Dynamic Braking - Uses the drive motor to slow the vehicle. When the electrical current is turned off, the motor/vehicle begins to coast and the motor begins to act as a generator. The force required to turn the generator is proportional to the current (not voltage!) generated. When the generator is connected to an open circuit (infinite resistance), no current flows and the force needed to keep the generator rotating is only that needed to overcome friction. If the generator output terminals are connected together with a low resistance connection (short) the current in the circuit increases which, in turn requires more force to turn the generator. This acts as a brake to slow the vehicle.

Thank you SO much! This clears up so many questions I have. Could this be modified so I could use the string and bead system?

Think about what the string/bead system requires in terms of car structure.

A) Two axles
B) An off switch to actuate

Think!

oh
haha i feel smart thanks

As fleet mentioned, there are some new Battery Buggy pictures up in the gallery. You can find them here:
Image Gallery
Image Gallery

Though the event name is different, EV was derived from BB and you can definitely get design ideas/help from these past vehicles.

Some of these look very nice, I especially like these two
http://sciolyor.ipower.com/4images/data ... 180029.JPG
http://sciolyor.ipower.com/4images/data ... 180005.JPG

As for me, I'm still working on the frame of my EV... hopefully, it should be done next week. I'm not using what i posted pictures of in the gallery btw incase anyone's wondering.

I forget where they were from, but I remember the guys with this vehicle well (http://sciolyor.ipower.com/4images/data ... 180005.JPG). The first year they had a photo (just like on this one) with "Elizabeth" underneath on their buggy. I just had to ask: "Who's Elizabeth?"

Their answer: "You know... SURVIVOR!"


I remember they did quite well.

Edit: Fixed sentence structure. Added Photo.

The rules say that all the energy used in the electric vehicle must be stored in a max of four 1.5 volt batteries, but what about the many capacitors that are on microprocessor and voltage converter boards? I suppose there is a common sense limit to what sized capacitor you could use before it was considered a significant energy storage device, but does anyone know what that limit might be? I imagine nobody would say anthing about a 1uf ceramic cap, or a 250uf electrolytic being used as a filter but where is the line crossed between a simple decoupling device and an actual power source. Perhaps the ruling would be based on whether the capacitor was charged by the batteries or if it was supplying power on its own, but I just don't know. I don't want to find out at Nationals that my filter cap is going to get me second tiered, especially when I probably don't even need it (kind of a belts and suspenders sort of thing).

My coach sent this question to SO rules clarification but they never answered.
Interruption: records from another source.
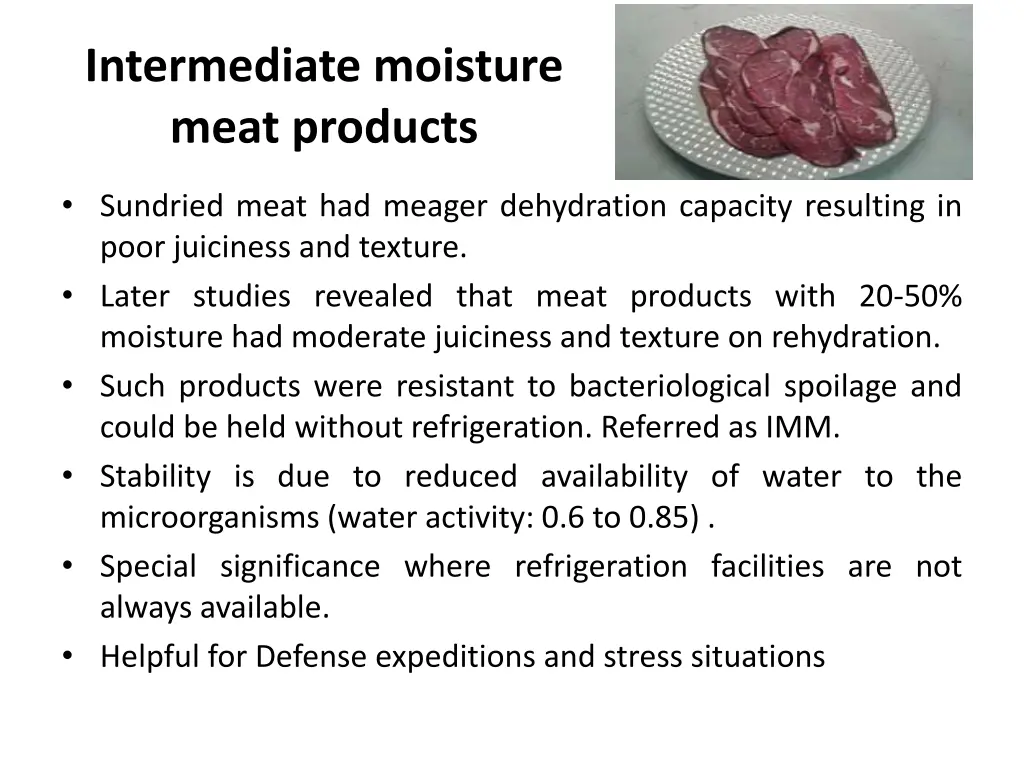 intermediate moisture meat products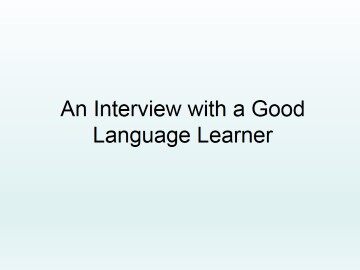 An Interview with a Good Language Learner_课件1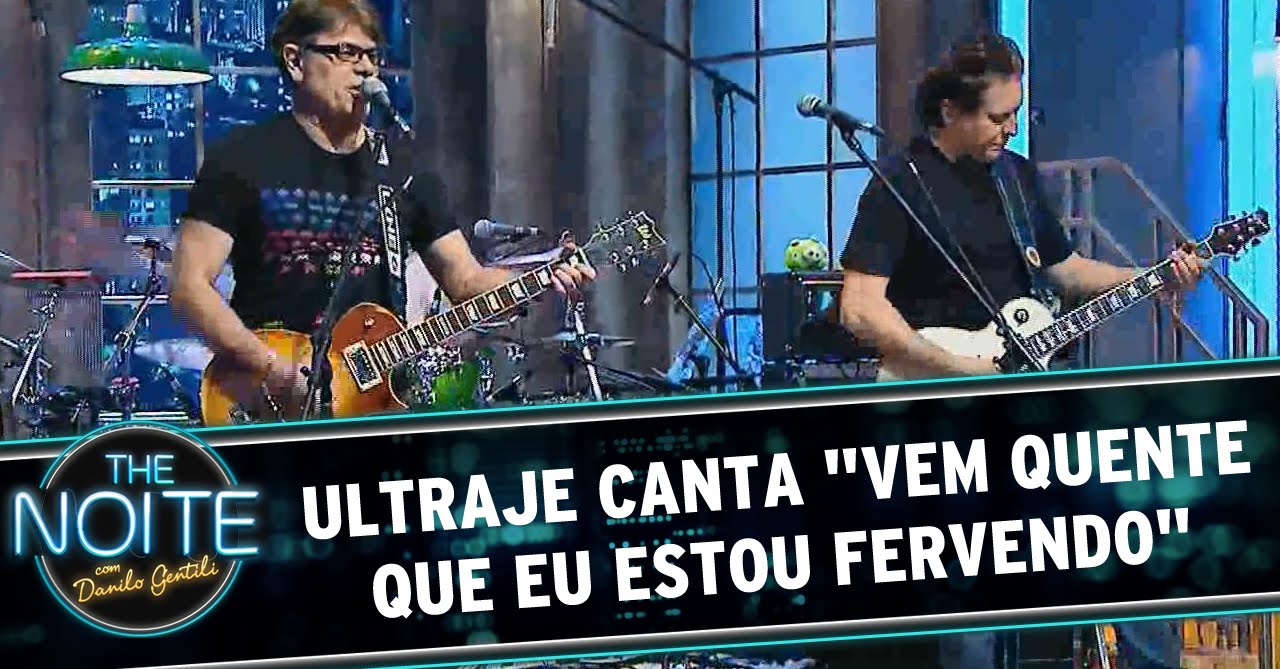 Ultraje canta "Vem Quente Que Eu Estou Fervendo"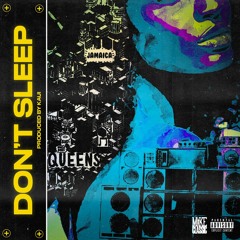 Don't Sleep (Prod. by kAui)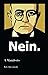Nein: A Manifesto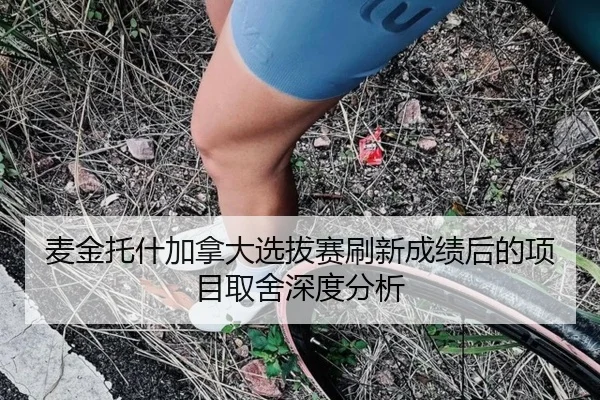 麦金托什加拿大选拔赛刷新成绩后的项目取舍深度分析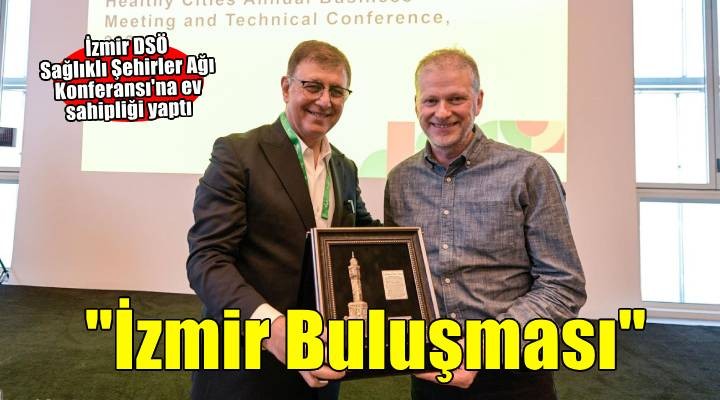 DSÖ Sağlıklı Şehirler Ağı Konferansı'nın İzmir Buluşması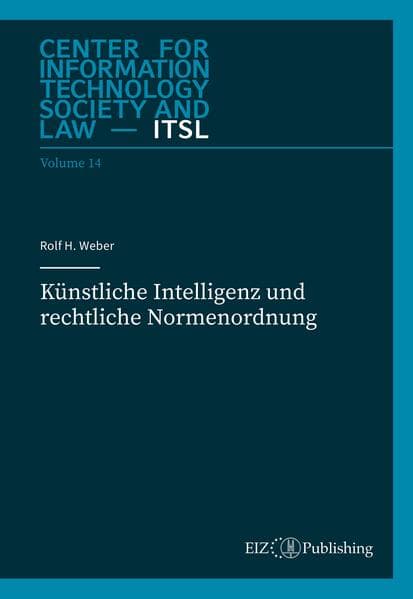 Künstliche Intelligenz und rechtliche Normenordnung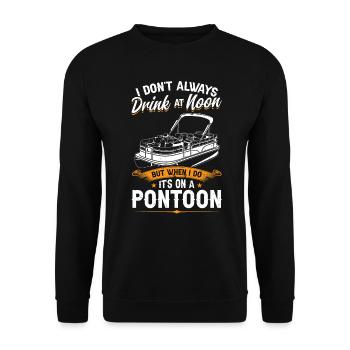 I Drinkt At Noon On A Pontoon - Pontoon Boat - Unisex Sweatshirt - black - Front - Alina (178cm) & Michal (187cm)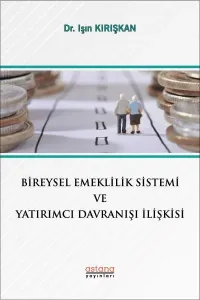 Bireysel Emeklilik Sistemi Ve Yatırımcı Davranışı İlişkisi
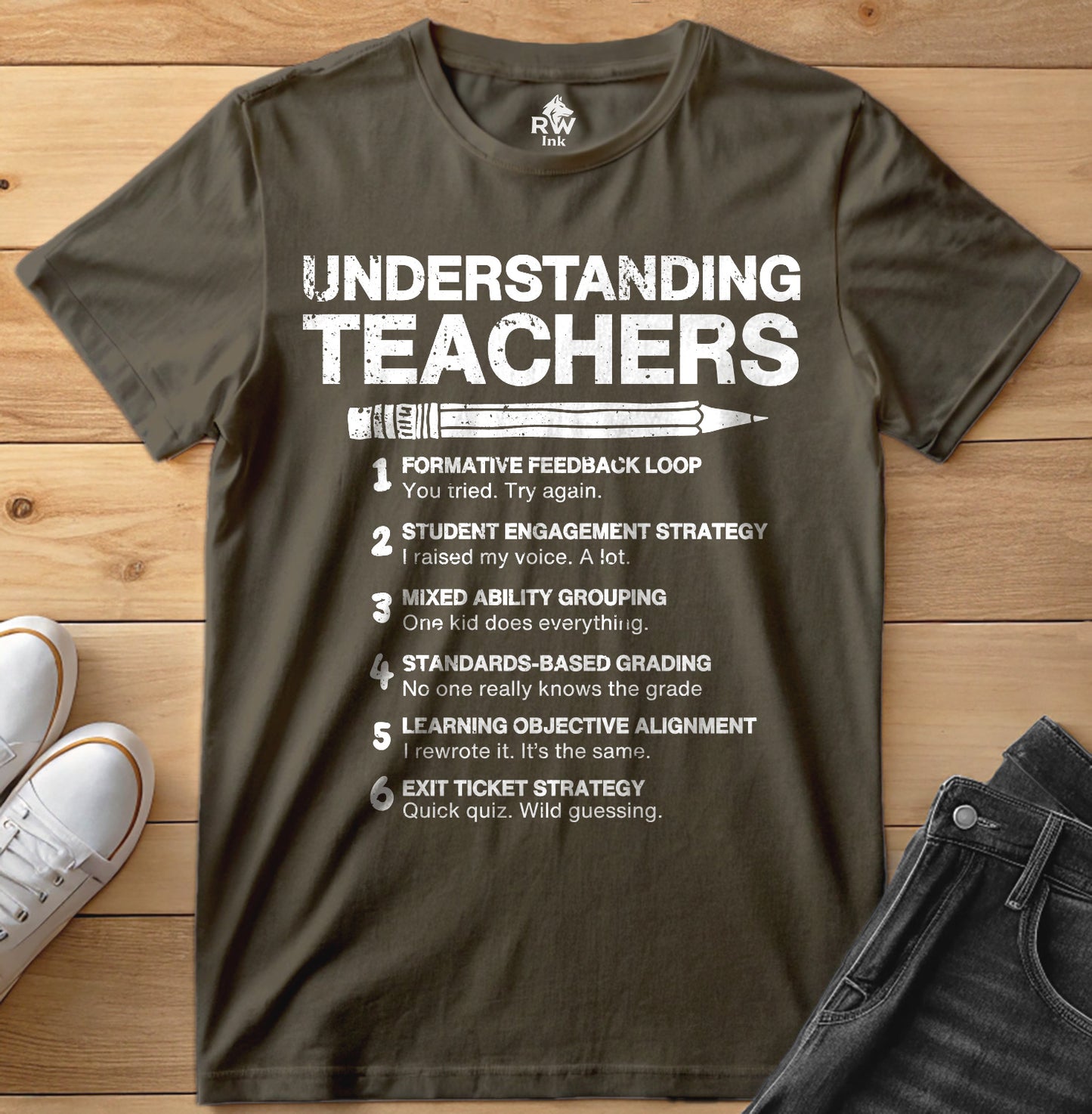 Understanding Teachers – Funny Teaching Strategy Parody T-Shirt | Bella+Canvas 3001 Unisex Tee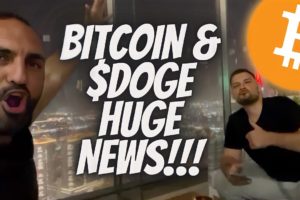 BITCOIN & $DOGE HUGE NEWS!!!!!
The general wisdom is: Don't try to stretch the rules to the maximum. If you do, you may be disappointed. Remember, it is incumbent on the competitor to prove to the judges satisfaction that the device complies with the rules.

For a capacitor to store significant energy, it would need to be VERY large. Its size would make it apparent that it's being used soley to store additional energy. Any capacitor larger than the circuit requires would be suspicious.

You could be asked to prove that the stored energy came from the vehicles batteries, not some other source. To prove it, the judges would be within their rights to ask you to completely discharged the capacitor prior to turning on the vehicle. Some judges might even think it was a battery and disqualify you for having too many.

Regarding the capacitors on circuit boards. Most capacitors in circuits discharge when the power is turned off. The amount of energy they store is miniscule compared to that required to move the vehicle. Since it has no real effect on the vehicle's motion, any residual energy is assumed to have come from the batteries.